Web page caption snippets
--- START ---
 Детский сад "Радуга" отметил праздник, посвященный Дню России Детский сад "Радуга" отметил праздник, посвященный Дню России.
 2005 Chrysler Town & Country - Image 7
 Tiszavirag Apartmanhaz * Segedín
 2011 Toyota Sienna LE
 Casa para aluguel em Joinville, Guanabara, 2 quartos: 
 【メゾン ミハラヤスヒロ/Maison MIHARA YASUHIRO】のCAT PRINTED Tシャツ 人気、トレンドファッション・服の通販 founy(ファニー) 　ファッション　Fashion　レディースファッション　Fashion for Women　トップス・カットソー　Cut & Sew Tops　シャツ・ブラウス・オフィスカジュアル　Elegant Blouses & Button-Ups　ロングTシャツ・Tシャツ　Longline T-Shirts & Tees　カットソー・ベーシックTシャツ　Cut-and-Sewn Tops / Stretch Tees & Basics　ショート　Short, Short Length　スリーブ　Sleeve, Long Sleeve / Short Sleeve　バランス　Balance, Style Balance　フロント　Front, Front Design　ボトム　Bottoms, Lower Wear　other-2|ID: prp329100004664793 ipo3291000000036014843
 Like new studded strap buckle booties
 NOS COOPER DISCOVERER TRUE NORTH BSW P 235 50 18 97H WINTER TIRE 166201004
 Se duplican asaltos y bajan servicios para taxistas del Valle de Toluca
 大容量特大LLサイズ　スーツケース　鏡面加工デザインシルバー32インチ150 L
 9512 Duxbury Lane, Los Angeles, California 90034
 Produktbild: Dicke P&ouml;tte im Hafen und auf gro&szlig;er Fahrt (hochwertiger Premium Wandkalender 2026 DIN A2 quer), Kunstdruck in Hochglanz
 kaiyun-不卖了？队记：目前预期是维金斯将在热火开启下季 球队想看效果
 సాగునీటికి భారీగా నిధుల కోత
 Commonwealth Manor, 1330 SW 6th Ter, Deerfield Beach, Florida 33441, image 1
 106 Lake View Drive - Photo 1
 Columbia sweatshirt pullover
--- END ---
Work to be completed ▸ From the first line of the records above down to the line containing "Wear　other-2|ID: prp329100004664793 ipo3291000000036014843", repeat each line exactly as written. Include both of those lines and add nothing.

Task solution ▸
 Детский сад "Радуга" отметил праздник, посвященный Дню России Детский сад "Радуга" отметил праздник, посвященный Дню России.
 2005 Chrysler Town & Country - Image 7
 Tiszavirag Apartmanhaz * Segedín
 2011 Toyota Sienna LE
 Casa para aluguel em Joinville, Guanabara, 2 quartos: 
 【メゾン ミハラヤスヒロ/Maison MIHARA YASUHIRO】のCAT PRINTED Tシャツ 人気、トレンドファッション・服の通販 founy(ファニー) 　ファッション　Fashion　レディースファッション　Fashion for Women　トップス・カットソー　Cut & Sew Tops　シャツ・ブラウス・オフィスカジュアル　Elegant Blouses & Button-Ups　ロングTシャツ・Tシャツ　Longline T-Shirts & Tees　カットソー・ベーシックTシャツ　Cut-and-Sewn Tops / Stretch Tees & Basics　ショート　Short, Short Length　スリーブ　Sleeve, Long Sleeve / Short Sleeve　バランス　Balance, Style Balance　フロント　Front, Front Design　ボトム　Bottoms, Lower Wear　other-2|ID: prp329100004664793 ipo3291000000036014843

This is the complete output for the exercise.